Why a Regional Network of Women in Energy Efficiency Matters for Social Cohesion in the Eastern Partnership Countries
Across the Eastern Partnership countries, the energy transition is accelerating. Countries are modernizing infrastructure, aligning with European integration pathways, and investing in green and circular economy solutions.
At the same time, a critical question remains: who gets to shape this transition?
While renewable energy and energy efficiency are often portrayed as progressive sectors, women represent only around 25-32% of the workforce, with even lower participation in senior technical and leadership roles (Publications Office of the EU). This is not only an equality gap. It’s a missed economic opportunity.
A gender-balanced energy sector is more innovative, more resilient, and better equipped to respond to complex sustainability challenges. If the green transition is to be just and inclusive, women must not only participate in it, they must lead it.
Energy systems are not neutral technical structures. They shape employment patterns, regional development, household welfare, and access to opportunity.
If the green shift excludes half of society from leadership, decision-making, and economic opportunity, it risks reinforcing inequality rather than reducing it. That is not only a gender issue, it is a question of social cohesion too.
As Valentyna Beliakova, President of Women in Energy Club Ukraine, puts it in one of the episodes of the RECONOMY videocast:
“When we talk about the future of energy, we cannot ignore the future of girls. And what we see, especially in Ukraine and across the region, is that by the time girls reach secondary school, many have already ruled out careers in science, energy, or leadership — not because they have tried and failed, but because no one ever told them that they could. And that’s why Women in Energy Club exists: we make women visible. We are connecting generations. We are showing that energy careers are not just open for men, but they are fully open for women — and they need women.”

Why now?
The momentum for change is here.
The shift from a linear “take-make-dispose” model toward a circular economy is expected to generate more than 6 million jobs globally by 2030. This transformation offers unprecedented opportunities to redesign industries, supply chains, and labor markets.
Yet structural barriers persist. Women continue to face limited access to technical training, leadership pipelines, and decision-making spaces in the energy sector.
At the same time, the broader regional political and societal context is becoming increasingly challenging for gender equality. In such a climate, passive inclusion is not enough. Proactive, collective action is required.
And social cohesion cannot be taken for granted. Energy efficiency and green reconstruction are not only climate measures, they are instruments for stability, rebuilding trust, and creating shared economic opportunity. But this will only happen if inclusion is deliberate.

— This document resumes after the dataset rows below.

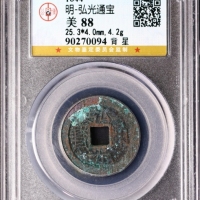  南明弘光通宝小平光背 GBCA 古-美品 88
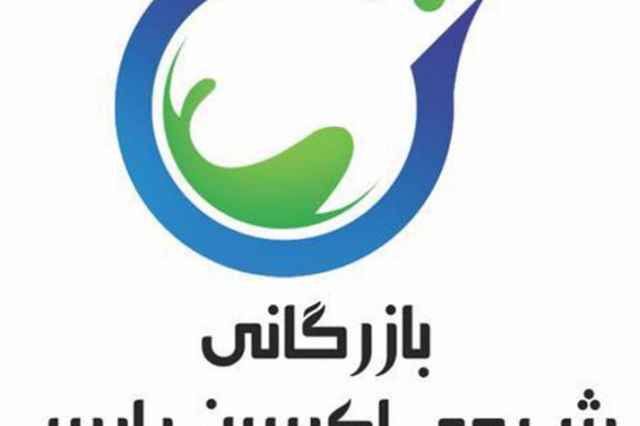 خريد فروش قيمت اسيد استيك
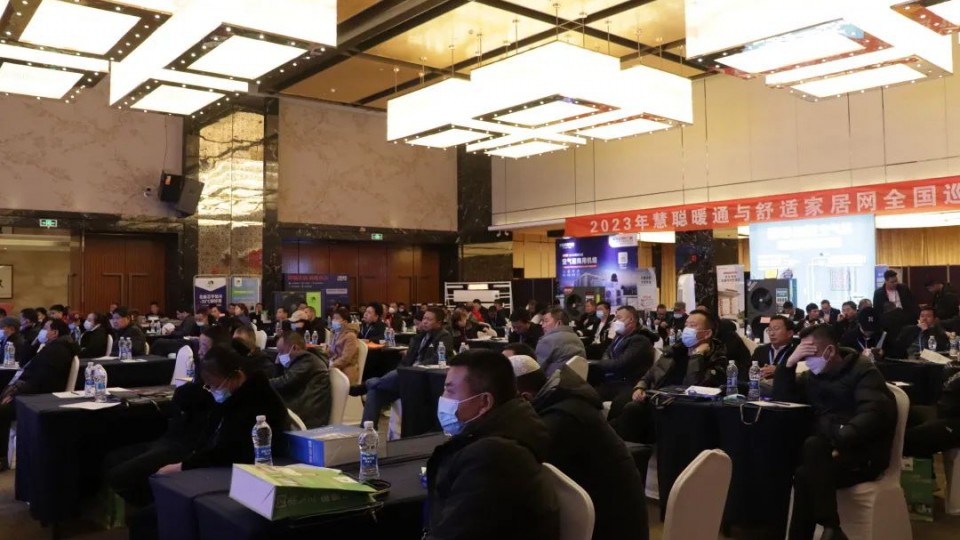 攜愿同行 攜手共贏 - 太陽雨空氣能亮相2023慧聰暖通采購大會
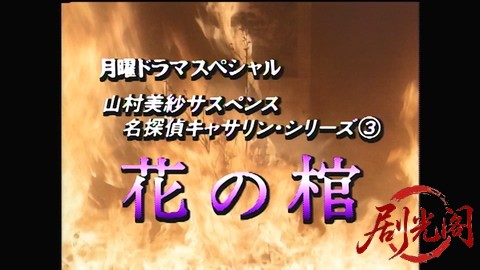 山村美紗サスペンス 名探偵キャサリン・シリーズ③ 花の棺.mp4_20260302_104803.227.jpg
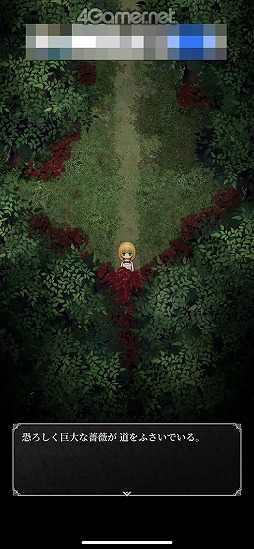 画像ギャラリー No.011のサムネイル画像 / 果たして生きて脱出できるのか!? 誤った選択で即ゲームオーバーとなるホラーゲーム「魔女の家」スマホ版プレイレポート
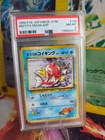 Magikarp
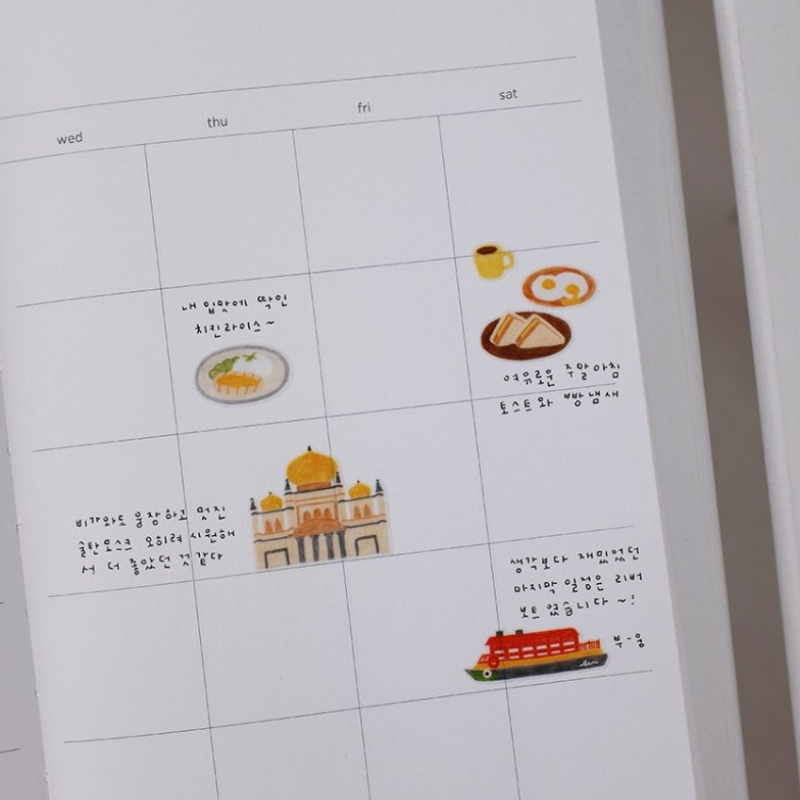 Suatelier Daily Deco Sticker - Trip to Singapore — flat lay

This is why the establishment of an independent regional network of women in the energy efficiency sector is both timely and strategically important for strengthening collaboration, peer support, and collective voice across the region.
Moving beyond the “women’s add-on” narrative
A persistent misconception frames gender inclusion as a soft, optional social agenda.
In reality, gender equality is a structural driver of economic and technical performance.
When gender is treated as a compliance requirement or a CSR checkbox, markets lose out. Projects become misaligned with user needs. Talent pipelines remain narrow. Skills shortages persist.
Similarly, token representation like “we have women in HR, that’s enough” does not create systemic change. Meaningful transformation requires a critical mass of women across engineering, management, entrepreneurship, and policymaking roles.
A gender-inclusive energy transition is not a cost. It is a competitive advantage.
What the Regional Network will do
The establishment of an independent regional network of women in energy efficiency across Armenia, Moldova, and Ukraine is therefore not only timely, it is strategic.
- Build a regional network of women in energy efficiency — consisting of women’s associations across Armenia, Moldova, and Ukraine — to share experiences, opportunities and best practices in addressing common challenges.
- Amplify visibility of women-led and gender-sensitive EE solutions so that businesses, investors, and policymakers begin to see gender diversity as a strategic asset.
- Promote capacity-building, mentorship, and peer support for women engineers, entrepreneurs, managers and innovators.
- Advocate for policy and industry standards that embed gender equality into energy transition plans, recruitment, training, work conditions, and leadership pipelines.
- Facilitate data collection, research and monitoring — gender-disaggregated data, impact assessments, and evidence to track progress.
Why a Regional Approach is a Strategic Advantage
Single-country initiatives often remain fragmented and isolated.
A regional network multiplies influence.
By pooling lessons learned, aligning strategies, and building cross-border mentorship and mobility pathways, the network can amplify its voice at European and international levels.
Regional collaboration also reduces duplication of effort and accelerates innovation. Instead of reinventing solutions country by country, members can build on shared knowledge and scale what works.
In a time of rapid transformation, collective regional action strengthens resilience.
When to expect?
Currently network’s mission, vision, values framework, financial sustainability strategy and governance structure are at a finalization stage, and the launch is expected in Q3 this year.